• WHAT YOU HAVE TO DO
Restate each of the lines below word for word and drop every picture.

• GIVEN DATA

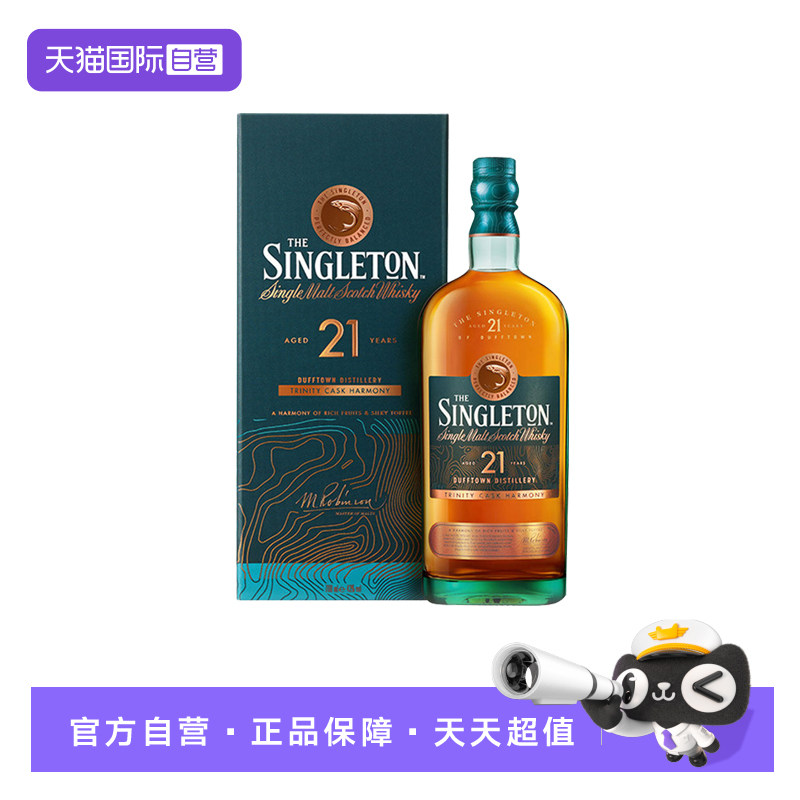 【自营】苏格登21年单一麦芽苏格兰威士忌700ml英国进口洋酒行货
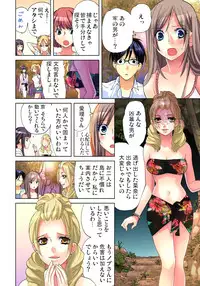 [Aikawa An] Sadogashima ~Choukyou Muhou Chitai 9 [Digital]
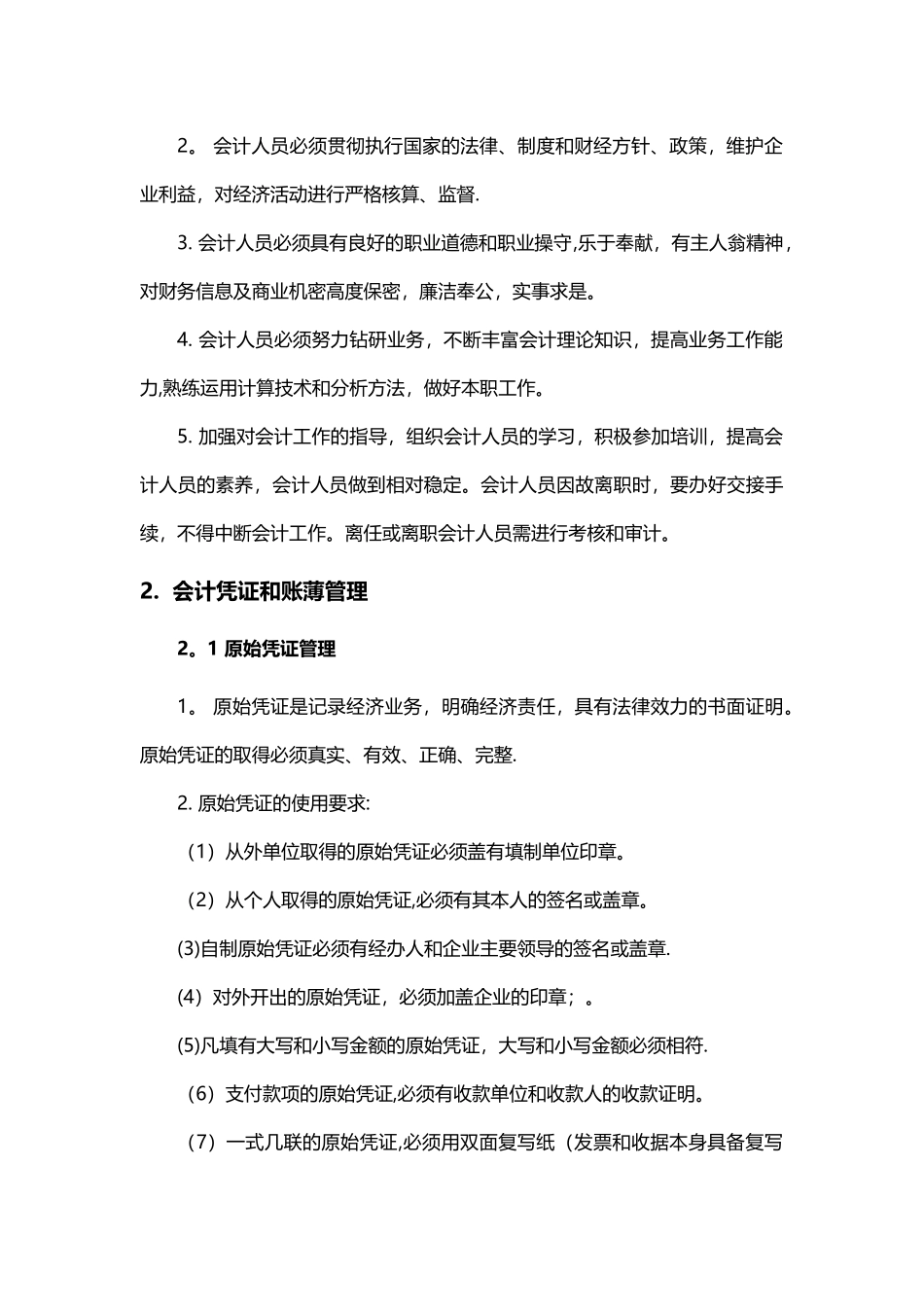 公司财务管理制度_第2页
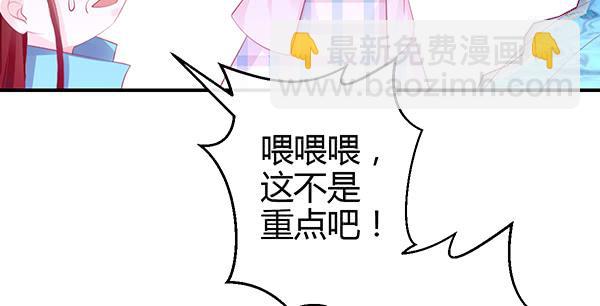 混沌之境（1）18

• EXERCISE RESULT
 【自营】苏格登21年单一麦芽苏格兰威士忌700ml英国进口洋酒行货
 [Aikawa An] Sadogashima ~Choukyou Muhou Chitai 9 [Digital]
 公司财务管理制度_第2页
 混沌之境（1）18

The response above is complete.